Short text fragments from websites:
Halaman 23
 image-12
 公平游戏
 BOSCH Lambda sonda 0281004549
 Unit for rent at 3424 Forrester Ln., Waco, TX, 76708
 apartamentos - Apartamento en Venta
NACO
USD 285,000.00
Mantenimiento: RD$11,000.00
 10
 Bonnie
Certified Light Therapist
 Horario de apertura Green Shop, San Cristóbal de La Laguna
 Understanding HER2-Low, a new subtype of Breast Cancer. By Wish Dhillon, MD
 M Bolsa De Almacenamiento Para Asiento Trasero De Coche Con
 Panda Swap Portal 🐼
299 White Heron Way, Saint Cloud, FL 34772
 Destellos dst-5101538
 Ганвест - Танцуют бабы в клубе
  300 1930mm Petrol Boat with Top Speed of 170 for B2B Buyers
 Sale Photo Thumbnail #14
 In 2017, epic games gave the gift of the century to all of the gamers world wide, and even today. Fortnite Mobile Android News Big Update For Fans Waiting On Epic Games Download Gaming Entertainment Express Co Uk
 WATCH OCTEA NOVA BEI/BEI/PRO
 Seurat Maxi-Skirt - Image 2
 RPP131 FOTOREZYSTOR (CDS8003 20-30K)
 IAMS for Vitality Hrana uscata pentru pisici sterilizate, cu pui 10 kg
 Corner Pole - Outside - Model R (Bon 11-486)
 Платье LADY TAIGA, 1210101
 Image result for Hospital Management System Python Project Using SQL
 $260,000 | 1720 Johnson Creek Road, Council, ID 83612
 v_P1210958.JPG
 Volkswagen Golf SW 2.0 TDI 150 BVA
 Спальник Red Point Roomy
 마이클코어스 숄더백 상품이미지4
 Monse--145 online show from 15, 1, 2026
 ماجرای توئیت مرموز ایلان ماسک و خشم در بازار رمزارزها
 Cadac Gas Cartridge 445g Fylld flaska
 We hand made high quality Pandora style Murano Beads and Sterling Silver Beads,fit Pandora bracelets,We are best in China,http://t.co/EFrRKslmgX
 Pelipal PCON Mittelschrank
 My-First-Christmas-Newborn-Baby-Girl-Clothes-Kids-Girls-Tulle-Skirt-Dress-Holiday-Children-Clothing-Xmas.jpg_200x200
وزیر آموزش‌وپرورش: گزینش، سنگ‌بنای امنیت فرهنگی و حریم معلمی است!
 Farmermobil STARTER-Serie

## Task goal
Set down every entry again, word for word.

## Reply to the task
Halaman 23
 image-12
 公平游戏
 BOSCH Lambda sonda 0281004549
 Unit for rent at 3424 Forrester Ln., Waco, TX, 76708
 apartamentos - Apartamento en Venta
NACO
USD 285,000.00
Mantenimiento: RD$11,000.00
 10
 Bonnie
Certified Light Therapist
 Horario de apertura Green Shop, San Cristóbal de La Laguna
 Understanding HER2-Low, a new subtype of Breast Cancer. By Wish Dhillon, MD
 M Bolsa De Almacenamiento Para Asiento Trasero De Coche Con
 Panda Swap Portal 🐼
299 White Heron Way, Saint Cloud, FL 34772
 Destellos dst-5101538
 Ганвест - Танцуют бабы в клубе
  300 1930mm Petrol Boat with Top Speed of 170 for B2B Buyers
 Sale Photo Thumbnail #14
 In 2017, epic games gave the gift of the century to all of the gamers world wide, and even today. Fortnite Mobile Android News Big Update For Fans Waiting On Epic Games Download Gaming Entertainment Express Co Uk
 WATCH OCTEA NOVA BEI/BEI/PRO
 Seurat Maxi-Skirt - Image 2
 RPP131 FOTOREZYSTOR (CDS8003 20-30K)
 IAMS for Vitality Hrana uscata pentru pisici sterilizate, cu pui 10 kg
 Corner Pole - Outside - Model R (Bon 11-486)
 Платье LADY TAIGA, 1210101
 Image result for Hospital Management System Python Project Using SQL
 $260,000 | 1720 Johnson Creek Road, Council, ID 83612
 v_P1210958.JPG
 Volkswagen Golf SW 2.0 TDI 150 BVA
 Спальник Red Point Roomy
 마이클코어스 숄더백 상품이미지4
 Monse--145 online show from 15, 1, 2026
 ماجرای توئیت مرموز ایلان ماسک و خشم در بازار رمزارزها
 Cadac Gas Cartridge 445g Fylld flaska
 We hand made high quality Pandora style Murano Beads and Sterling Silver Beads,fit Pandora bracelets,We are best in China,http://t.co/EFrRKslmgX
 Pelipal PCON Mittelschrank
 My-First-Christmas-Newborn-Baby-Girl-Clothes-Kids-Girls-Tulle-Skirt-Dress-Holiday-Children-Clothing-Xmas.jpg_200x200
وزیر آموزش‌وپرورش: گزینش، سنگ‌بنای امنیت فرهنگی و حریم معلمی است!
 Farmermobil STARTER-Serie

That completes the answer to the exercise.